Dopo La ragazza nella nebbia e L’uomo del labirinto, con Io sono l’abisso – nelle sale cinematografiche dal 27 ottobre – Donato Carrisi è ancora una volta regista e sceneggiatore di un suo romanzo. Protagonista è l’Uomo che pulisce, glabro e segnato da 2 orribili cicatrici sul cranio. Fa il netturbino in un qualche paese sul Lago di Como ma è anche un serial killer, giacchè approfitta del proprio lavoro per prendere tutte le informazioni di cui necessita sulla vittima designata (predilige le donne sole) osservandone la spazzatura, ben certo che questa riveli sempre la verità.
Dopo un’attenta pianificazione e un camuffamento in stile Jeffrey Dahmer si trasforma in Micky, l’alter ego che seduce le sue vittime per poi ucciderle disperdendone i resti nel lago limaccioso che splende alle prime luci dell’alba. Sulle sue tracce agisce la Cacciatrice di mosche, donna mentalmente instabile che inizia le indagini in solitudine, guidata da un “sesto senso” per la violenza contro le donne, ma poi finisce per aiutare la polizia.
Un giorno, l’Uomo che pulisce salva dalle acque del lago la Ragazza col ciuffo viola, aspirante suicida. Fra i 2 si instaura un legame particolare: lui assume il ruolo di protettore e di salvatore, lei è sopraffatta dai genitori intransigenti e distanti. Le vite dell’Uomo, della Cacciatrice e della Ragazza scorrono su precisi binari verso la rovina e Donato Carrisi ci mostra come, quando e cosa può averli spinti su quei binari. Vediamo come l’assassino sia stato profondamente segnato dagli abusi subìti da piccolo per mano della madre; abusi che con ogni probabilità lo hanno condotto alla follia.
Nel suo squallido, asettico appartamento conduce un’esistenza tanto regolare quanto invisibile: parla spesso con Micky, l’uomo inesistente che vive dietro una porta (da lui stesso dipinta di verde) e sarebbe l’ideatore dei suoi crimini. È uno scrupoloso pianificatore, un assassino senza scrupoli, uno stalker. Eppure non teme di gettarsi nel lago pur di salvare la Ragazza col ciuffo viola; senza riuscire, peraltro, a dare una spiegazione al proprio gesto.
Ed è in quella stessa, unica, irripetibile pulsione d’altruismo che commette l’errore che porterà la Cacciatrice di mosche sulle sue tracce. La quale, dal canto suo, soffre di depressione: suo figlio è in carcere per l’omicidio della sua ragazza e lei non riesce a farsene una ragione.
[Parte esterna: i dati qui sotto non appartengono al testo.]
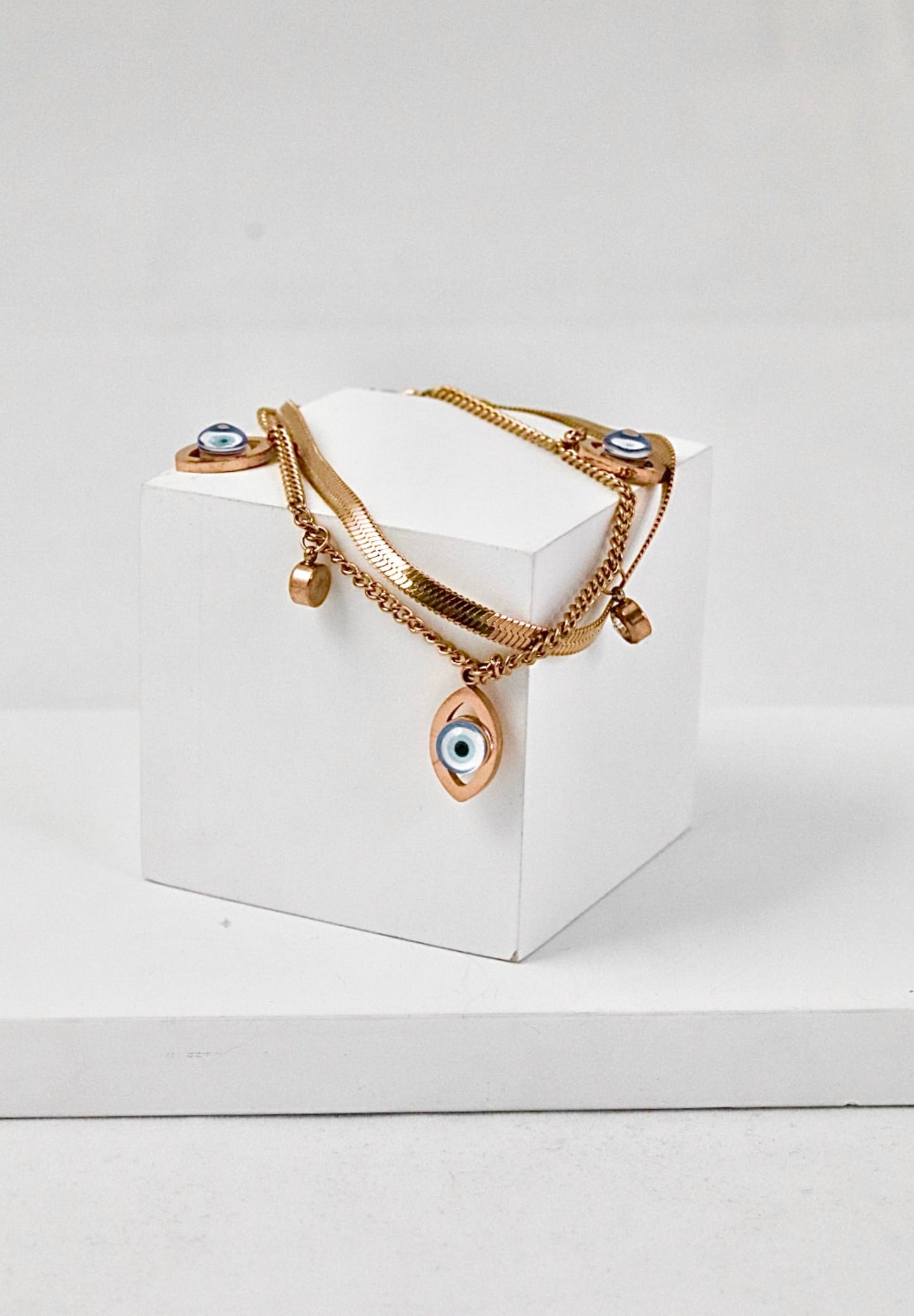 Nisa Premium Rose-Gold Polish Evil-Eye Design With Diamond Studded Bracelet For Women and Girls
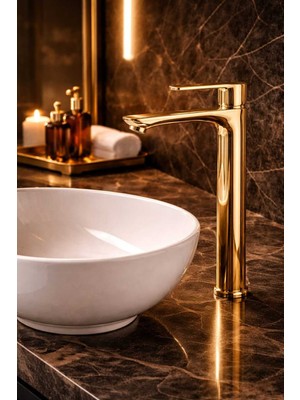 Viosa Gold Altın Renk Kaplamalı Çanak Lavabo Bataryası Yüksek Banyo Lavabo Bataryası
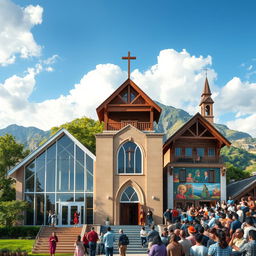 A captivating visual representation of evangelical churches around the world, showcasing a variety of architectural styles and cultural elements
Ha abbandonato suo marito, vive nello scantinato della casa degli orrori (quella dove suo figlio ha commesso l’omicidio) e il suo unico scopo è difendere le donne dai soprusi e vagare per la città lasciando volantini di soccorso per donne abusate.
La Ragazza col ciuffo viola, invece, vive in una delle ville lungo il lago ed è figlia di una ricca famiglia i cui genitori, impegnati a salvare le apparenze, vivono una vita che lei detesta. Ha solo 13 anni, ma finisce in un giro di prostituzione gestito dal suo ragazzo. L’unico che si presta a soccorrerla, per tirarla fuori dal disastro in cui è precipitata, è un uomo ancora più malvagio di chi abusa di lei.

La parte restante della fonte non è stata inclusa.